** Work item **
In the records below, find the line with "Sailhouse House | Captain Quarters at RRYC" and repeat it and every line after it, exactly, without any pictures.

** Material to process **
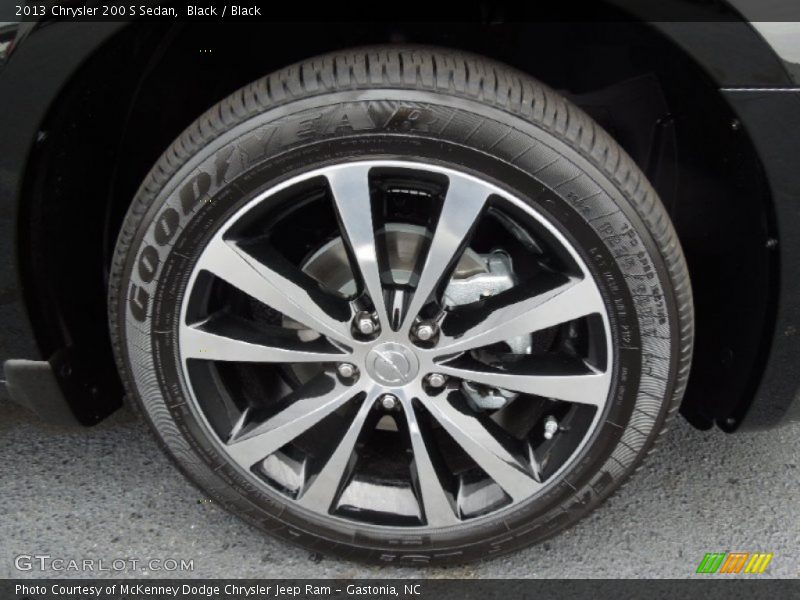 Black / Black 2013 Chrysler 200 S Sedan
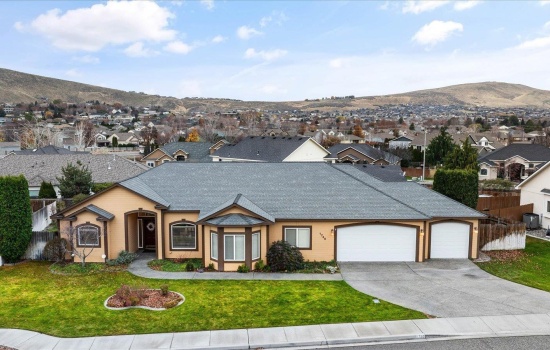 Sagewood Street, Richland, Washington 99352, 4 Bedrooms Bedrooms, 0 ,3 BathroomsBathrooms,Houses,For Sale,Sagewood Street,0,289204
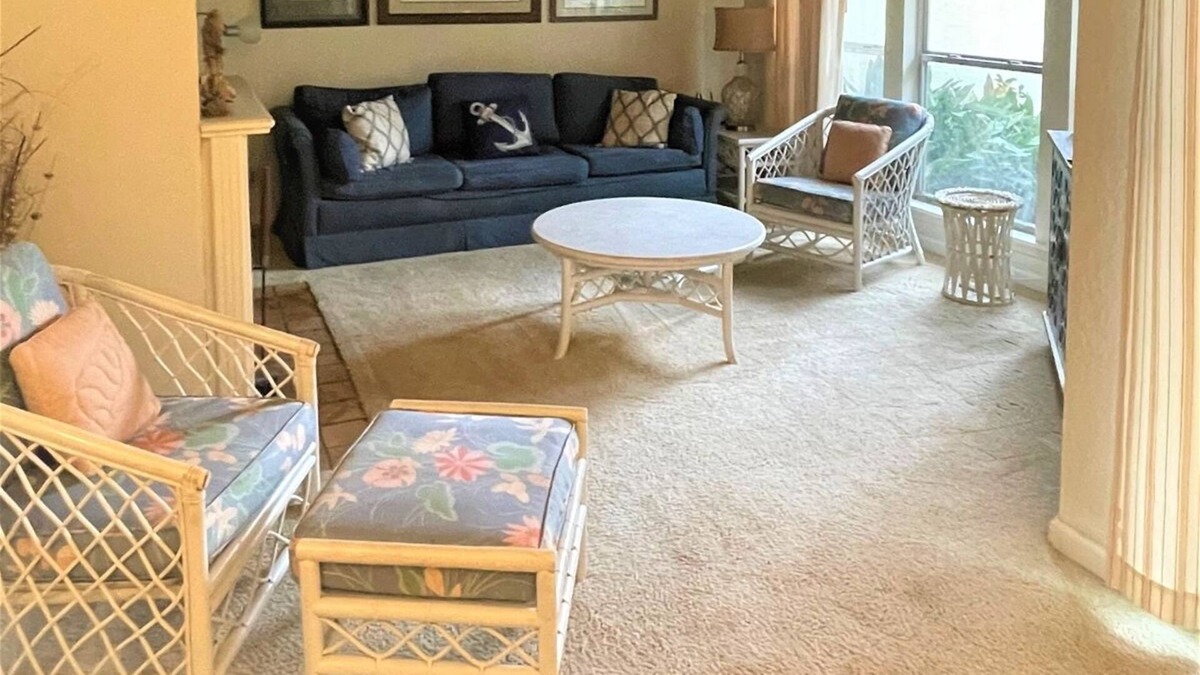 Sailhouse House | Captain Quarters at RRYC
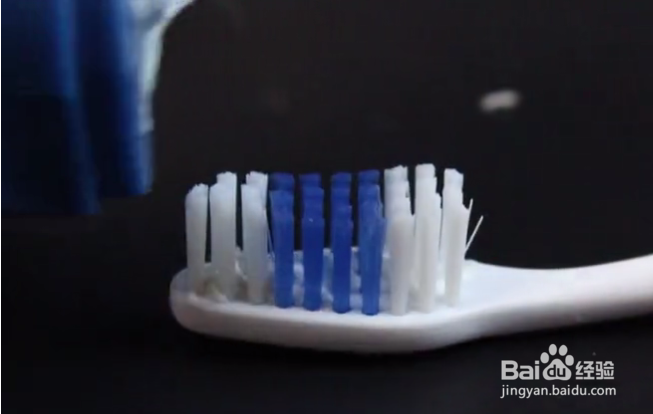 过期的洗面奶有妙用，你也来试一下吧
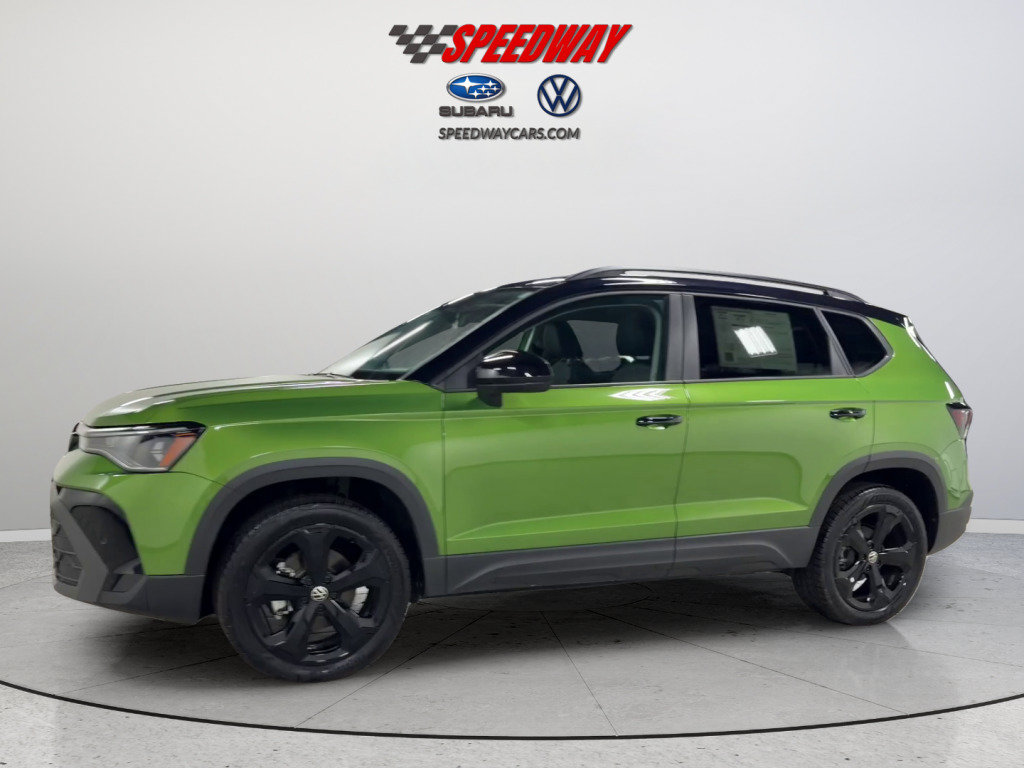 Certified 2025 Volkswagen Taos SE AWD/4WD image 11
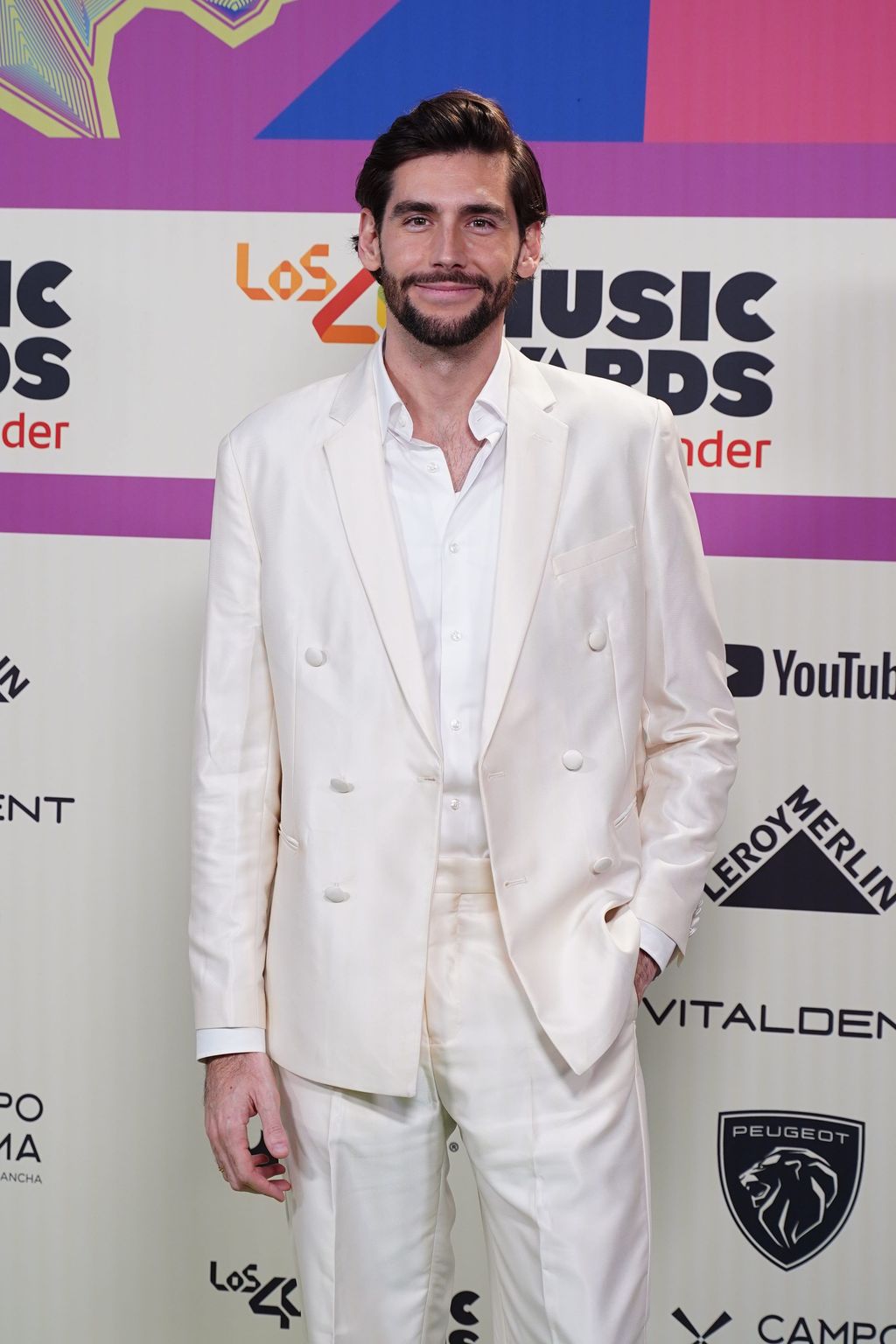 Álvaro Soler, en Los40 Music Awards Santander 2023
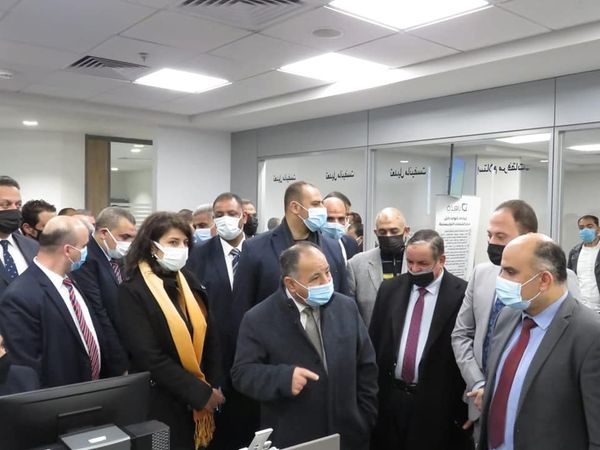 بالصور..وزير المالية فى جولة ببعض المراكز الضريبية والجمركية بالإسكندرية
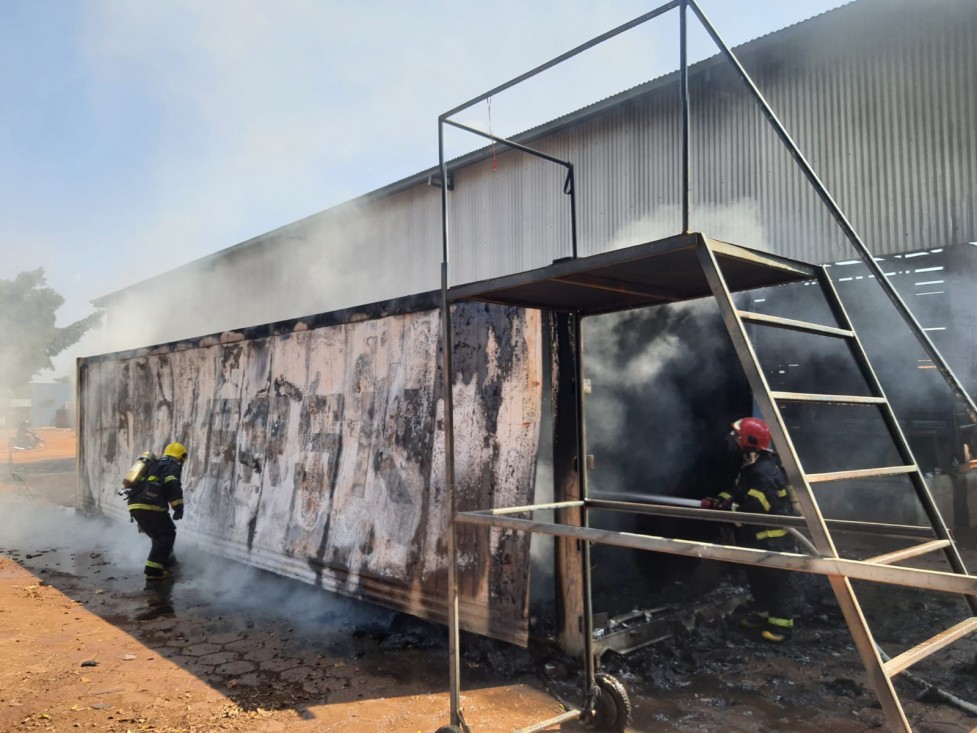 Colíder: Contêiner pega fogo em pátio de posto e acaba destruído pelas chamas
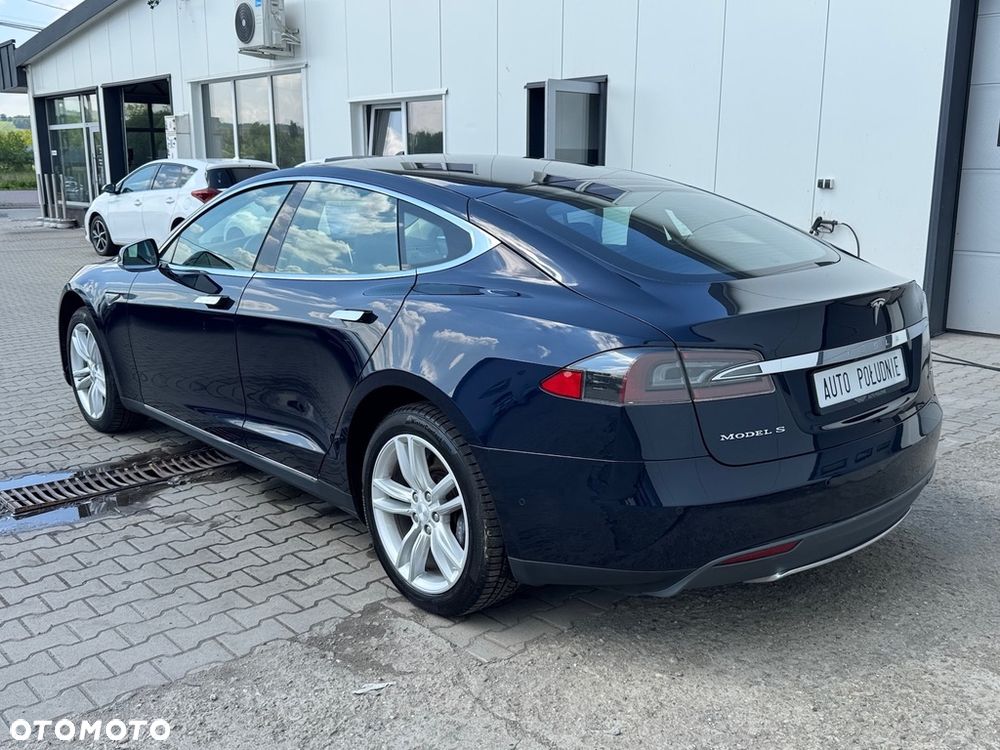 Tesla Model S 85 - 4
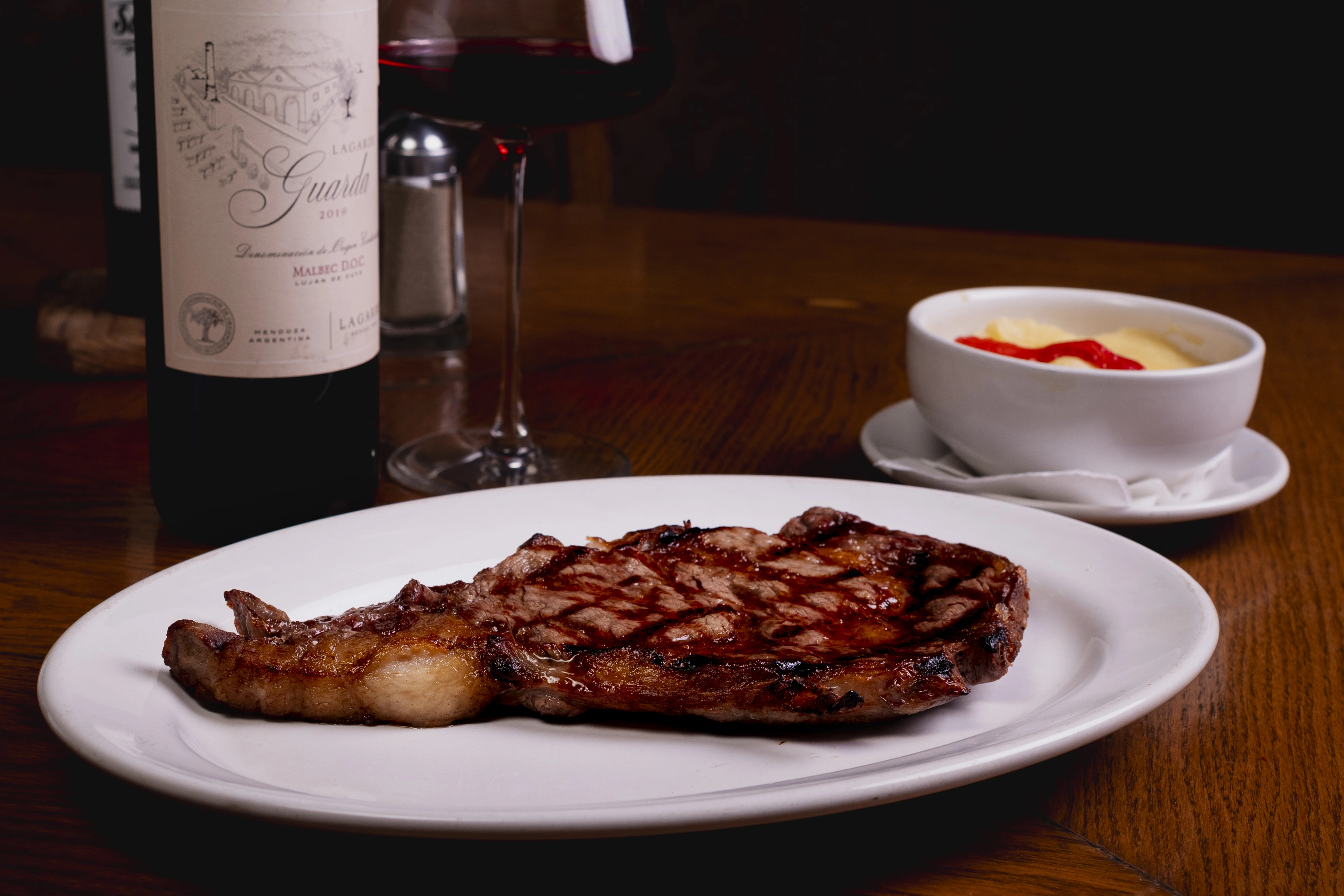 Cortes de carne a las brasas en San Telmo de Cortes y Pepitos, Guadalajara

** Result **
 Sailhouse House | Captain Quarters at RRYC
 过期的洗面奶有妙用，你也来试一下吧
 Certified 2025 Volkswagen Taos SE AWD/4WD image 11
 Álvaro Soler, en Los40 Music Awards Santander 2023
 بالصور..وزير المالية فى جولة ببعض المراكز الضريبية والجمركية بالإسكندرية
 Colíder: Contêiner pega fogo em pátio de posto e acaba destruído pelas chamas
 Tesla Model S 85 - 4
 Cortes de carne a las brasas en San Telmo de Cortes y Pepitos, Guadalajara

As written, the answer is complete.